Bijlee's body will now be taken over by the forest department and Bombay Veterinary College vets for an autopsy, he said.
A complaint has been lodged with the police in Mulund, Nayak said.
On June 11, Bijlee, 54, was found collapsed on the busy Mulund-Bhandup Link Road in eastern Mumbai, allegedly abandoned by her owners.
Nayak, along with NGO RAWW, and local volunteers Jagdish Shetty and Raju Iyer, had been taking care of Bijlee for the past 20 days.
For over a fortnight, Bijlee had been kept strapped on a crane as she could not stand or sit due to weak hind leg bones.
She was suffering from arthritis and could not walk due to a large maggot-infested wound on her hind leg.
The AMTM made arrangements to fly down vets and elephant specialists from Assam, Agra, Pune and other places to treat her.

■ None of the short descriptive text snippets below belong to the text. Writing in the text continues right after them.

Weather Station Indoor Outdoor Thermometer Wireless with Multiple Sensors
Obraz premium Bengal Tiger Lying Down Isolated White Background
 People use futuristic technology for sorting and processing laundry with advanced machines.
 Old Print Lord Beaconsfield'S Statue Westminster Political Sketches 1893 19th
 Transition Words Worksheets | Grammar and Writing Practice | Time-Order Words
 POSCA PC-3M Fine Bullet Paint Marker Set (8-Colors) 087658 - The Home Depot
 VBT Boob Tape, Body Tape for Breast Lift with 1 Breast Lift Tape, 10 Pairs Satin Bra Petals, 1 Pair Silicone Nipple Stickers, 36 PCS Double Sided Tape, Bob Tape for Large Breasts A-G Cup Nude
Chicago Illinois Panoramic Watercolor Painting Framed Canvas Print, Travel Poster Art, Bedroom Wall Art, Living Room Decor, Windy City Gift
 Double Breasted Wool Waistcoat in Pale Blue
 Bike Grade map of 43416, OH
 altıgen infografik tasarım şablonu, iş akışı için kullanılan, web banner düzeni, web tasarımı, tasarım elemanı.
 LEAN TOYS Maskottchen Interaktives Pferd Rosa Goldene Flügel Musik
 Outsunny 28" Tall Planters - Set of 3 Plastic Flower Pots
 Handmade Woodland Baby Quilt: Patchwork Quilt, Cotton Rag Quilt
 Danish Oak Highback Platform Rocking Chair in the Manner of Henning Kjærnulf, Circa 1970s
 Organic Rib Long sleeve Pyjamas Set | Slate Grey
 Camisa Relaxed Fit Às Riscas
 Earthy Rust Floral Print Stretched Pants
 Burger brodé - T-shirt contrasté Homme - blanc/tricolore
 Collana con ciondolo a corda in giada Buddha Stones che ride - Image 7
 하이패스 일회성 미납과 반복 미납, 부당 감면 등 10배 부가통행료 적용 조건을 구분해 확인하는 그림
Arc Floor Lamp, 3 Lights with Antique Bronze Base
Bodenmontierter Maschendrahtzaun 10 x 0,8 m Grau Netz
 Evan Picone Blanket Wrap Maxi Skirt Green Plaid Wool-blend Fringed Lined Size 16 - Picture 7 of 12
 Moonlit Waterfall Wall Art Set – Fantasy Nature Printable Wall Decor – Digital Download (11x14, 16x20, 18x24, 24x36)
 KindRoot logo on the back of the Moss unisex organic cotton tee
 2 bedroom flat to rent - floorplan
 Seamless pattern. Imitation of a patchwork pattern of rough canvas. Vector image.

Initially, Bijlee had responded well to the treatment, but a couple of days ago her condition suddenly deteriorated and she expired Sunday.
Moved by her plight, mega-star Amitabh Bachcan had appealed to public to help save Bijlee on social networking sites a fortnight ago.
Two other prominent organisations -- People for the Ethical Treatment of Animals (PETA) and Federation of Indian Animal Protection Organisations (FIAPO) -- separately urged the Maharashtra government to send Bijlee to a rescue centre, cancel her ownership papers and ban elephants from moving on Mumbai roads.
Bijlee had collapsed from overwork June 11. She was taken around to beg, and grace occasions like weddings and other important events. She was made to stand at the venue of such functions to salute guests.
She was forced to spend a long time standing and was hardly allowed rest, according to the volunteers who tended her.